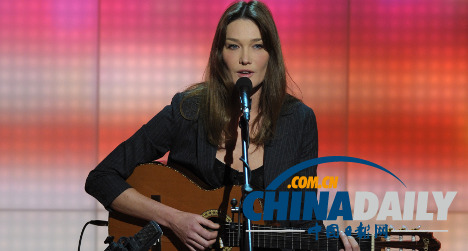 布呂尼否認個人網站由納稅者埋單 欲起訴“造謠者”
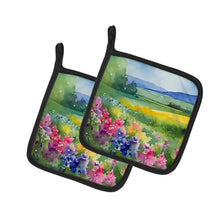 Load image into Gallery viewer, Massachusetts Mayflowers in Watercolor Pair of Pot Holders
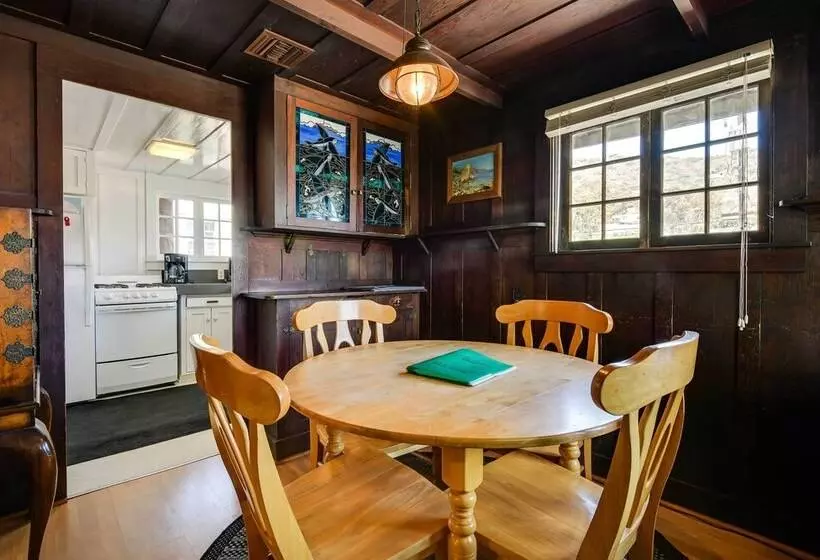 Walk To Beach: Catalina Gem W/ Deck!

Aim of the task. Reproduce word for word the lines from the one containing "Load image into" through the end of the data, both ends kept. Drop the pictures.

Result of the exercise.
 Load image into Gallery viewer, Massachusetts Mayflowers in Watercolor Pair of Pot Holders
 Walk To Beach: Catalina Gem W/ Deck!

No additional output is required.